Benjamin Hoy wins Governor General’s History Award
USask associate professor of history has won the 2022 award for scholarly research for his book A Line of Blood and Dirt
Dr. Benjamin Hoy (PhD), an associate professor in the University of Saskatchewan (USask) Department of History, is the winner of the 2022 Governor General’s History Award for Scholarly Research.
Hoy is being recognized for his 2021 book A Line of Blood and Dirt: Creating the Canada-United States Border across Indigenous Lands. The Governor General’s History awards are Canada’s most prestigious history prizes.
A Line of Blood and Dirt examines 150 years of history surrounding the creation of the Canada-U.S. border as a physical, political and cultural reality.
“Like many, I had always thought of the Canada-U.S. border as a peaceful place that mostly affected those who lived directly in its shadow. As I began to look more closely, I began to uncover the enormous violence that goes into creating and maintaining a border,” said Hoy in an interview before the book’s launch in February 2021.
A Line of Blood and Dirt explores the methods that governments found to exert control and “project fear” across the border, including cross-border kidnappings.

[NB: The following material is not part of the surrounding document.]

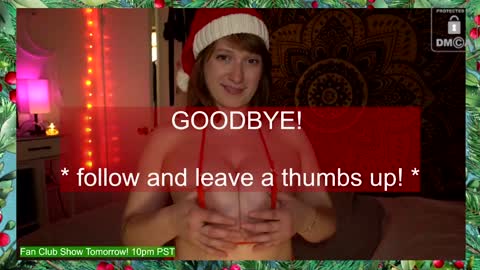 Snapshot of laylas_universe chatting on December 17, 9:07 am Layla Universe online show from December 17, 9:07 am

In its announcement of the 2022 Governor General’s History Awards, Canada’s National History Society described the book as “a powerful and timely engagement between past and present, and one that will shape how we understand international and diplomatic history, environmental history, Indigenous history, and immigration history.”
Published by Oxford University Press, A Line of Blood and Dirt previously received the Best Book in Political History Prize and the Best Scholarly Book in Canadian History Prize from the Canadian Historical Association.